Business Etiquette Japan by Rochelle Kopp

Business Etiquette Japan by Rochelle Kopp

Author:Rochelle Kopp [Rudlin, Pernille and Kopp, Rochelle]
Language: eng
Format: epub
ISBN: xxxxxxxxxxxxx
Publisher: Creative Content Ltd


Q: All this business with taking off shoes and not wearing slippers on the tatami matting and so on – is this because there is a taboo about feet being unclean, like in other parts of Asia?

A: It’s not quite the same as (for example) Thailand, where you have to be careful not to point your feet at people, but there are a lot of taboos around cleanliness, purity and contamination, originating from the Shinto religion. The Shinto religion evolved in Japan before Buddhism – it’s an animistic religion, worshipping spirits in the environment, centered on conducting rituals and making offerings to placate those spirits.

Obviously taking off shoes can be practical as well, as it avoids tracking dirt from your shoes into the house or restaurant or hotel. However, there is also a traditional emphasis in Japan on ritual cleanliness. When entering a Shinto shrine you’ll find a place to wash your hands and rinse out your mouth, as a kind of ritual purification. If anything does get contaminated – for example by death, or blood – then various rituals have to be undertaken to purify the person or the area that was contaminated. Often salt is used – you’ll have seen sumo wrestlers throw salt around to purify the arena, and sometimes you see little piles of salt at the entrance to houses. People use salt to purify themselves if they have been to a funeral, for example, before entering the house.

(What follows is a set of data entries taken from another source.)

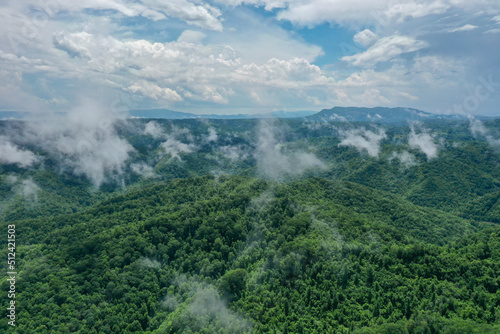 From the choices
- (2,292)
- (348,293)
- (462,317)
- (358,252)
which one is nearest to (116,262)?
(2,292)

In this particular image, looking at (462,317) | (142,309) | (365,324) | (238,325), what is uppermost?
(462,317)

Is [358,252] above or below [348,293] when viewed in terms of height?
above

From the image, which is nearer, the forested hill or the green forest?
the green forest

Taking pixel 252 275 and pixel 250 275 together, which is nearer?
pixel 252 275

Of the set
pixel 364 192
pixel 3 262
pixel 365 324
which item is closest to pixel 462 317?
pixel 365 324

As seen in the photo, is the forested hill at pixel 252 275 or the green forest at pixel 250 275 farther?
the forested hill at pixel 252 275

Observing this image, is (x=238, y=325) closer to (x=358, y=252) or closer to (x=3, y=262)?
(x=358, y=252)

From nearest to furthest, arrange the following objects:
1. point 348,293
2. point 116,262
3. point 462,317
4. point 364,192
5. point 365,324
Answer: point 462,317
point 365,324
point 348,293
point 116,262
point 364,192

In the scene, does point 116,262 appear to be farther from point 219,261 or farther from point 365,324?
point 365,324

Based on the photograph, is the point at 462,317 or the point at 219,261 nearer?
the point at 462,317

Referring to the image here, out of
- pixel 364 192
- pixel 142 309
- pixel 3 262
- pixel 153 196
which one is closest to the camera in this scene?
pixel 142 309

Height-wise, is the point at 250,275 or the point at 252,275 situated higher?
the point at 252,275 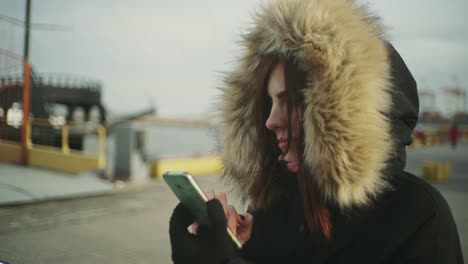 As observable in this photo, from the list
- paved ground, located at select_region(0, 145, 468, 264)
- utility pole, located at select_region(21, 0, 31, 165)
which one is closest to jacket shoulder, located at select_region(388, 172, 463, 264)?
paved ground, located at select_region(0, 145, 468, 264)

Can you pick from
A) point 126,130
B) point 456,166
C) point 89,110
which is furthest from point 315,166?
point 89,110

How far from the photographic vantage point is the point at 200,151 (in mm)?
11156

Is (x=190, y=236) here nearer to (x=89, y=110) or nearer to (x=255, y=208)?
(x=255, y=208)

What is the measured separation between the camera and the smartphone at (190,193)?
1139mm

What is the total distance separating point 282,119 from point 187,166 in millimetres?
8854

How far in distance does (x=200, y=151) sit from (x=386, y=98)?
1012 centimetres

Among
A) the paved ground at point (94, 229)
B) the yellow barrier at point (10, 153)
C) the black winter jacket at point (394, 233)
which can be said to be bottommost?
the yellow barrier at point (10, 153)

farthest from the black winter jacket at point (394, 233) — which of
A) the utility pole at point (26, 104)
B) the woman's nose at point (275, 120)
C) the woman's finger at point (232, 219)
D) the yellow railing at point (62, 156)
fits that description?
the utility pole at point (26, 104)

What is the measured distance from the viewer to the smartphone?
1139mm

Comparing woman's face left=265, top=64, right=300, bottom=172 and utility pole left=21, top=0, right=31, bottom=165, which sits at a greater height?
woman's face left=265, top=64, right=300, bottom=172

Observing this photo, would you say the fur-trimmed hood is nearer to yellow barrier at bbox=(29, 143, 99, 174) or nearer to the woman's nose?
the woman's nose

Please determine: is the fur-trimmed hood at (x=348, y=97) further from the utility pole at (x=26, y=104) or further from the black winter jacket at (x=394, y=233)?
the utility pole at (x=26, y=104)

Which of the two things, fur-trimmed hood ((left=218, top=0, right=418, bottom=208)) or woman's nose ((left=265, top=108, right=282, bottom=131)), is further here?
woman's nose ((left=265, top=108, right=282, bottom=131))

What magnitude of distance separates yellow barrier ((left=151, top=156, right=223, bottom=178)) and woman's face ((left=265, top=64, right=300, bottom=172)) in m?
7.57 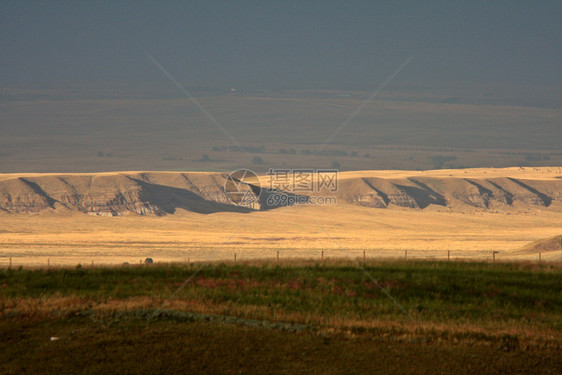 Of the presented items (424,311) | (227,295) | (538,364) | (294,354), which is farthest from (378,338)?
(227,295)

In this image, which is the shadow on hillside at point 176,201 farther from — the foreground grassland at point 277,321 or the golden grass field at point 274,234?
the foreground grassland at point 277,321

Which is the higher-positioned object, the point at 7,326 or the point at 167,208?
the point at 167,208

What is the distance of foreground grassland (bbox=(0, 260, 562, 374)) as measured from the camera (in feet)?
56.6

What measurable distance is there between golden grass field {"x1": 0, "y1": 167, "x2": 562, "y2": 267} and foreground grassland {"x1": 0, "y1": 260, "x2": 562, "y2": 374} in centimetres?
2627

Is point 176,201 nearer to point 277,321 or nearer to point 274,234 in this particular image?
point 274,234

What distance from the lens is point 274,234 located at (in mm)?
117625

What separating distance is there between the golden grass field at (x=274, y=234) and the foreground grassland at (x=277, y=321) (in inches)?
1034

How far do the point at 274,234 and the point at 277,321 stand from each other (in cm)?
9583

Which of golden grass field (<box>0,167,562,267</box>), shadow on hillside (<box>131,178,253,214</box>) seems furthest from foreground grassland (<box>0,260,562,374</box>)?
shadow on hillside (<box>131,178,253,214</box>)

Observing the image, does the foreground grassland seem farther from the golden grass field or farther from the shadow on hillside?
the shadow on hillside

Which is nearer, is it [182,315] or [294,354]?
[294,354]

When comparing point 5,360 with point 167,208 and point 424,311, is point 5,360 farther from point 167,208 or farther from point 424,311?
point 167,208

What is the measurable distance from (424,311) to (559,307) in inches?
240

Q: So are there any taboos that have come out of Buddhism?

A: Actually, there used to be a Buddhist taboo against eating meat, and drinking alcohol, but you won’t see many Japanese people following that now! I think the Buddhist influence is more subtle in Japanese society today. It can be seen in some key notions like enryou, which I suppose we would call “self restraint,” and meiwaku, which means causing annoyance to others – so you’ll see in public areas that Japanese people won’t use their cell phones for voice calls, even in coffee shops or on trains, although they may well be busy tapping away on them sending emails and using the internet. Even this is frowned on by some Japanese, as there is a worry (probably baseless) that wireless devices interfere with heart pace makers.

In general, Japanese people try to keep themselves as unobtrusive as possible in public areas; they tend not to cross their legs, or sprawl across seats, or carry large luggage. It’s also not considered polite to eat in public and in general, when eating socially, you will see that people leave some of the food on the communal plates – to show enryou.

There’s one other thing I shouldn’t forget to mention – Japanese people find loud nose blowing, especially into a cotton hanky, really disgusting. Unfortunately, Westerners tend to find the Japanese tactic of dealing with a cold – loud and repeated sniffing – pretty irritating too. One solution to this, if you are in a meeting and have a cold, is to blow your nose discreetly into a paper tissue, when no one’s looking.